The result could be that objects seem to be in different locations, or that we perceive the location of individual instruments as being less distinct.
(A similar effect occurs with "stereoscopic 3D video"; when the various depth cues conflict, even slightly, which they often do, the image seems "less distinct and less real".)
Note that, if you accept the current "spectrum analyzer" model of the human ear (with a bunch of "detector hairs", each of which is "tuned" to a distinct frequency).
The frequency which the "top hair" responds to will determine the highest frequency we can detect as a continuous sine wave.
However, that number says nothing about the
TIME RESOLUTION (how quickly, and how accurately, our brain can respond to
WHEN a particular hair was excited.)
Please note that I'm not specifically suggesting that this will turn out to be true...... however I don't assume that it isn't true either.

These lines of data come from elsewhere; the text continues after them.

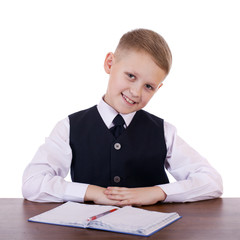 Caucasian school boy at his desk on white background with copy s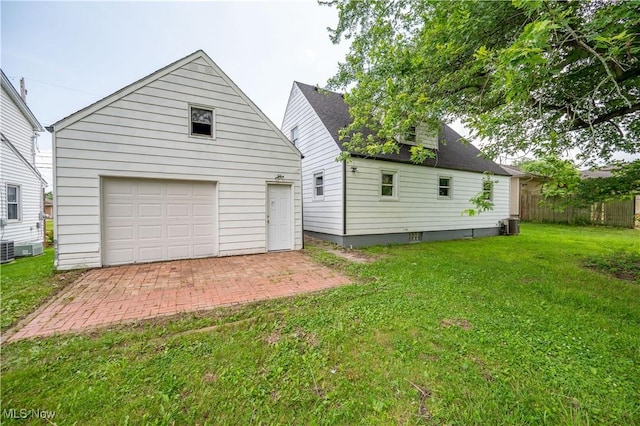 595 Elm St, Struthers, OH 44471 - rear view of house with a garage and an outbuilding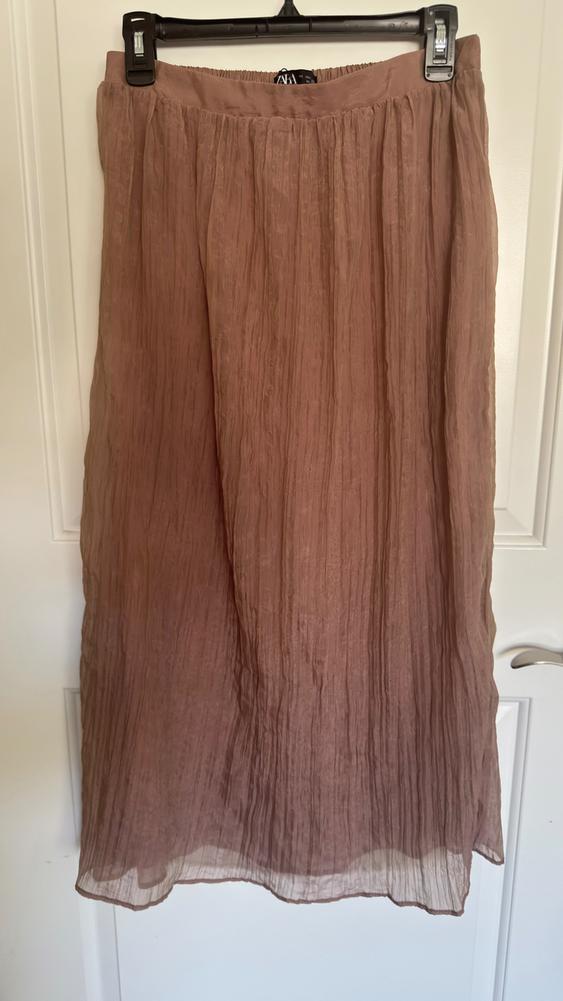 Light brown pleated long skirt hanging on a black hanger over a white door.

Recent research in how your brain calculates eye movement has shown that the mechanism is quite different than what we previously thought... and not especially intuitive to most people.
Therefore, I prefer NOT to make claims based on inferences based on old or incomplete information...
I agree with you..... however this thread is not a discussion about enjoying music.
It is about some very specific assertions about what is and is not "humanly perceptible".
1)
No.
16/44.1 audio can do 5 uS timing differences easily ON CONTINUOUS SINE WAVES.
(and not so well under some other conditions and with some other waveforms.)
2)
I agree with you.
However, this thread is NOT about "whether high-res is worthwhile"...
It makes a very specific assertion (and it asserts, not that the difference is "nearly impossible to detect" but rather that the difference is "IMPOSSIBLE to detect").
In fact, the title of the thread actually makes two assertions that directly contradict each other (as does the original paper).
The original Xaph Audio paper actually asserts that the high-res version will sound audibly WORSE because of interactions between equipment.
(Which claim must be based on the idea that there will be an audible difference after all.)